I think I
was always lactose intolerant, culturally. When I was a kid, full-fat milk
(though it was just called milk then) was delivered daily to the front door. Often
the little metallic lids of the bottles would have been pecked open by hungry
birds. As a child I always thought of milk as “birds’ milk”, as if by piercing
the lids the birds now owned the content, but more crucially that they had
somehow contaminated the milk with their worm-breath, with their dirty beaks,
and with their fanatically deranged pecking. I think that bird-pecked-milk was
mainly a winter phenomenon, but I could be wrong. In the summer, especially at
weekends, the milk had other reasons for encouraging my disgust: it would have
been warming-up in the sunshine for a while before breakfast. If this didn't instantaneously make the milk “go off” I was sure it sent it well on its way.
My mother’s
culinary likes and dislikes might have been formed before the Second World War
but they were irreversibly stamped by that war. Rationing might have been over
by the 1960s and 70s but to my mother wasting food was both sinful and probably
an act of treason. Whether it was because of rationing or not she has always
been drawn to butter, cream and other fatty, milky products. She would keep a
small bowl of brown congealed fat in the fridge. This was the run-off fat from
the Sunday roast and would be used for her bread-and-dripping sandwiches. For
me it meant that a visit to the fridge was always a fairly queasy experience.
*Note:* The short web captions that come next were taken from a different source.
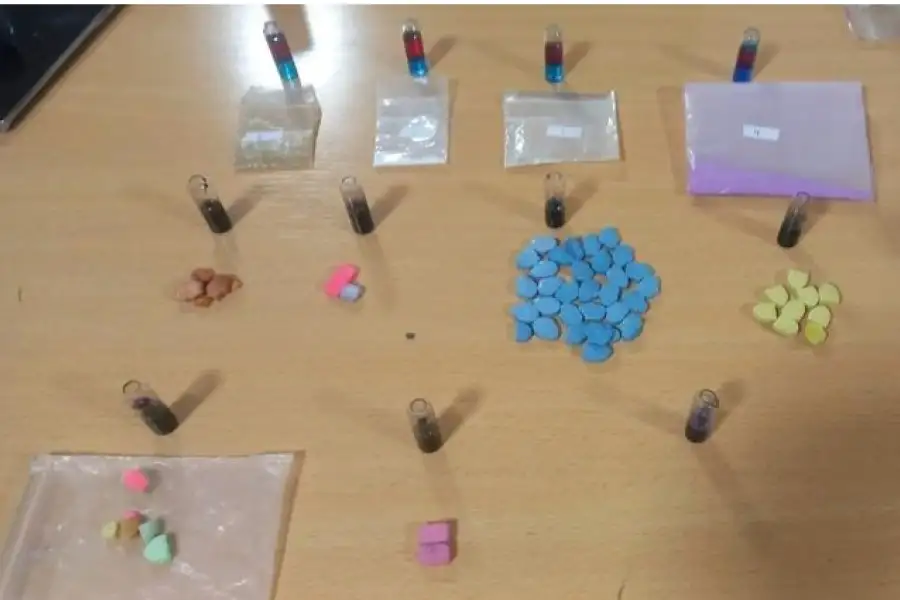 Llevaban 6 gramos de tusi (cocaína rosa), 6 gramos de marihuana, 2 gramos de ketamina y 47 pastillas de éxtasis. Asimismo, encontraron dos recipientes, que contenían una sustancia blancuzca con 15 gramos y 30 pastillas
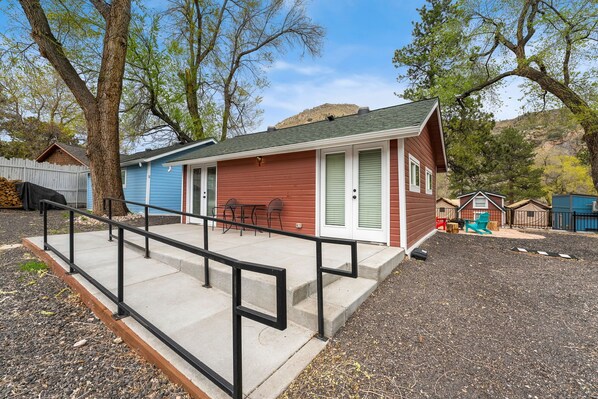 Exterior - Cabin 4- The Lady Moon (Bellvue)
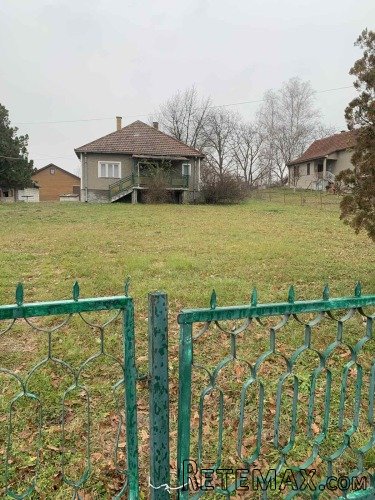 Prodajem dve kuce u Vrbovnu-Lazarevac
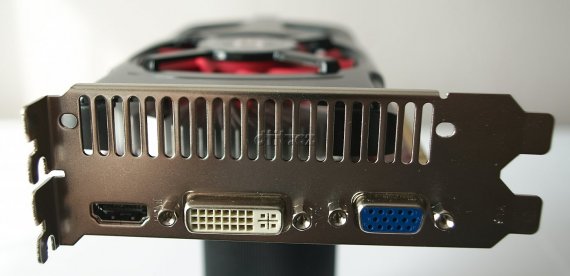 Gainward GeForce GTX 550 Ti Golden Sample: záslepka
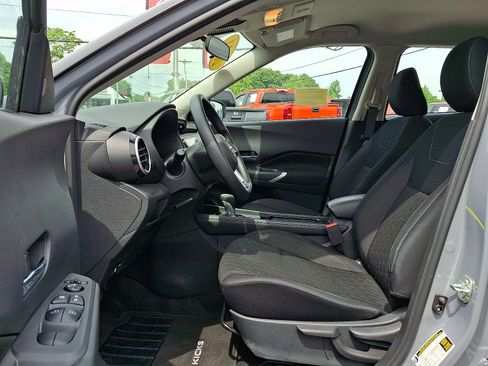 Used 2024 Nissan Kicks SV FWD image 15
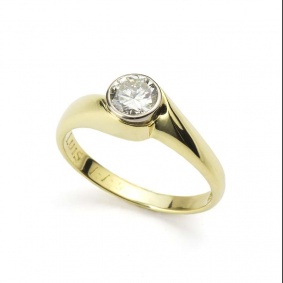 18k Yellow Gold Round Diamond Ring 0.45ct L/VS2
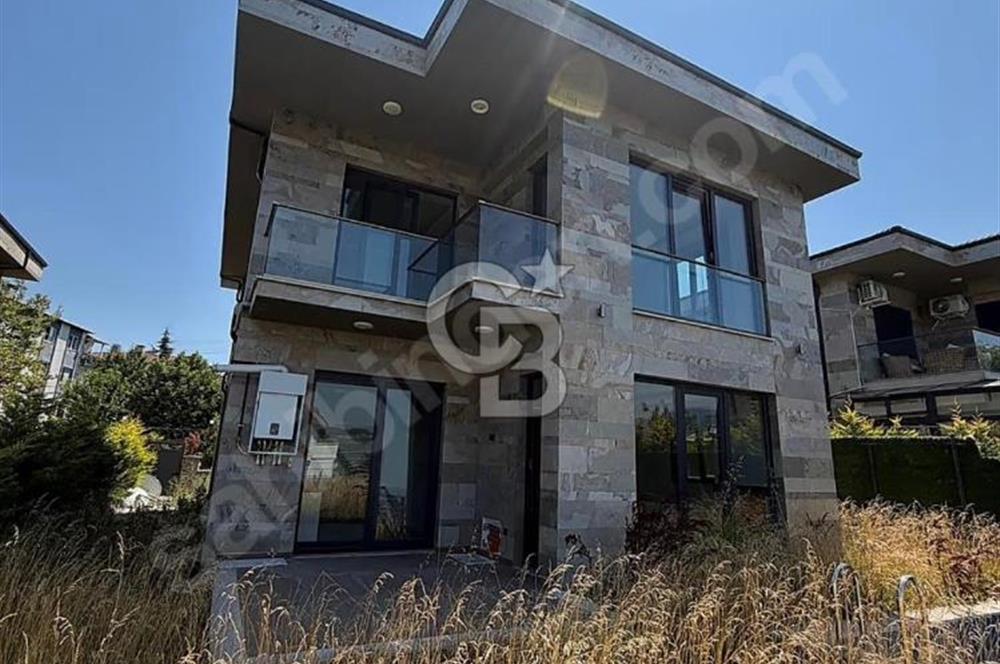 Başiskele Damlar Nadide Okullarına Yakın Deniz Manzaralı Villa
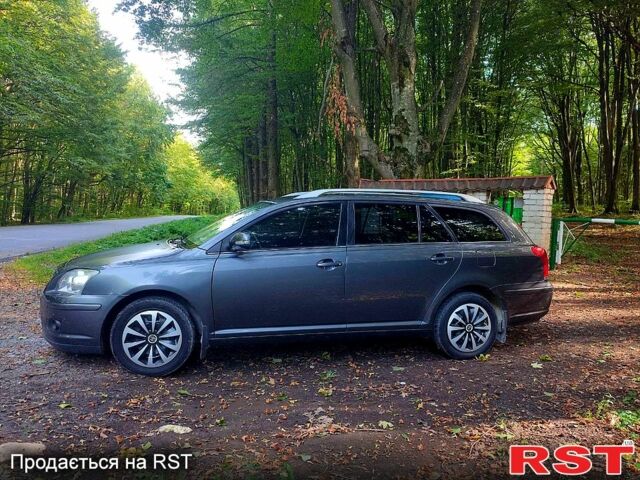 Сірий Тойота Авенсіс, об'ємом двигуна 2.2 л та пробігом 219 тис. км за 7300 $, фото 1 на Automoto.ua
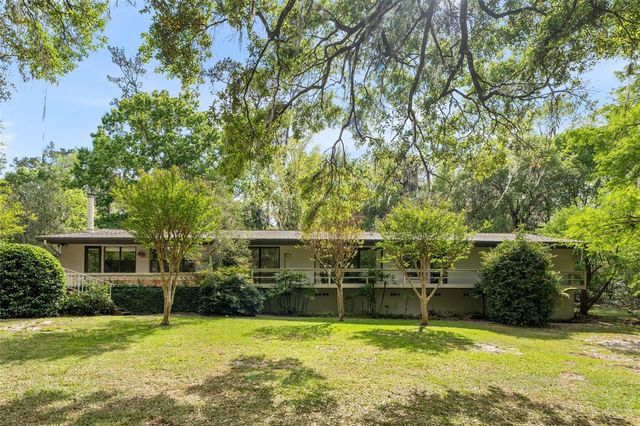 630 SW 26TH PLACE, Gainesville, FL 32601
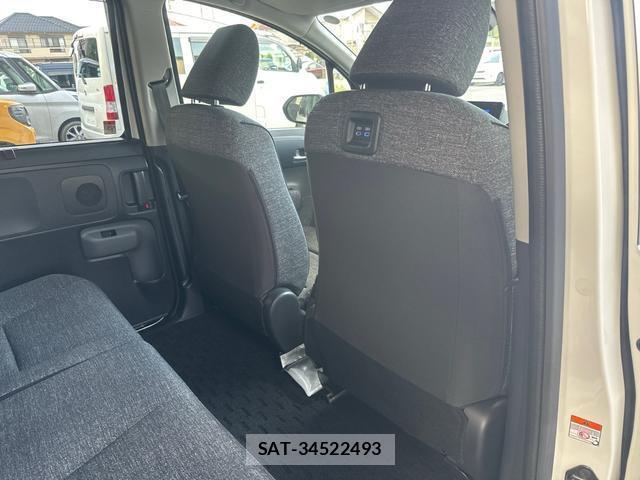 Toyota SIENTA 2024-02 8218411-13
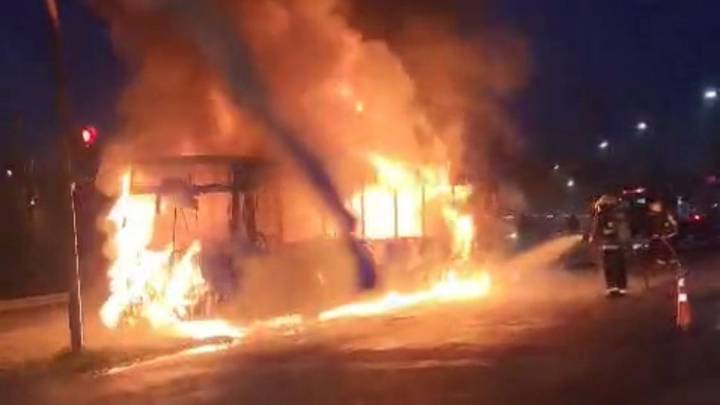 VIDEO / Se incendió un colectivo sobre la ruta 8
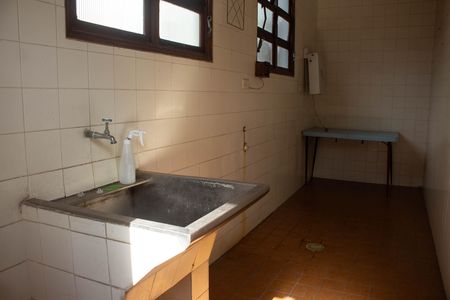 Casa para alugar com 220m², 3 quartos e 4 vagas Casa para alugar com 220m², 3 quartos e 4 vagasÁrea de serviço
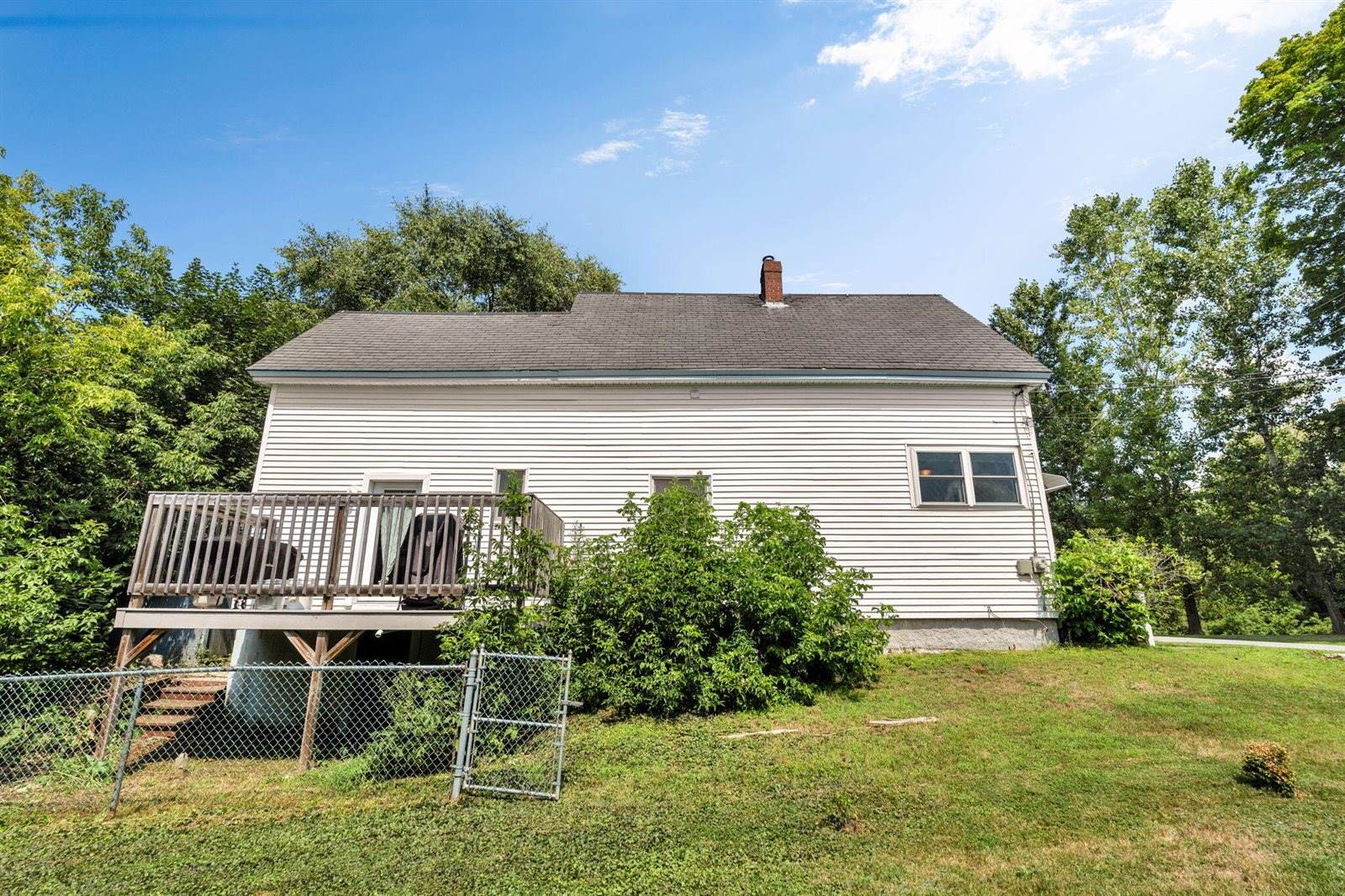 227 Bates Street, Pittsfield, ME 04967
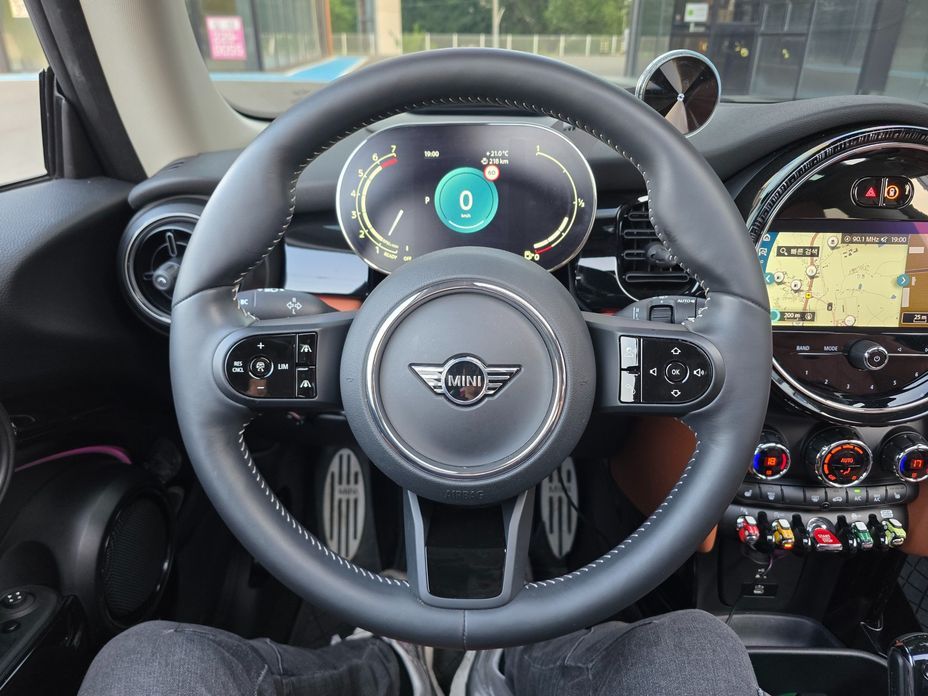 Mini Cooper 2024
She was also a great fan of the “top-of-the-milk” – that thick plug of creamy
milk that floated to the top of the milk bottle to produce a stopper made of
curd. My mum would want this plug for her cornflakes and it would flop out onto
the little flakes followed by a flow of less obviously cheesy milk (now,
because she buys thinned, semi-skimmed milk, the plug has disappeared, so she
adds actual cream).
During
the summer we would always go to Padstow in Cornwall. We always stayed in the
same chalet with a view of the dredger endlessly fighting the tidal drifts of
mud in the harbour. There were always a few days when we couldn't go to the
beach because it was raining, then the choice was either going to town and
watch The Sound of Music for the
zillionth time, or amuse ourselves in the chalet. My sister and I would play
“Crossroads” – it was a game based on pretending we were running the famous,
but wholly TV-based, Crossroads motel located on some ring-road near
Birmingham. The chalet kitchen had a breakfast bar (endlessly exotic, endlessly
glamorous to us) and we used this as the “pass” for our restaurant. I have a
feeling that this was a game wholly ruled by my sister. We only served two
dishes as far as I can remember: “Banana Bombarder” and “Orange On”. I have no
idea of what the bombarder bit of “Banana Bombarder” was (or if that is indeed
how you spell this made-up word), but I think “Orange On” consisted of orange squash
and milk, and that the coagulated results were both fascinating and extremely repulsive.
Since my
childhood milk has got thinner and thinner. The birds don’t peck the morning
milk anymore because milk delivery is much less common and when it is delivered
it comes in plastic or cardboard containers. We get our milk delivered as
little pillows of milk (milk in a bag). I don’t touch it of course: to me it is
already contaminated. It is and will always remain birds’ milk.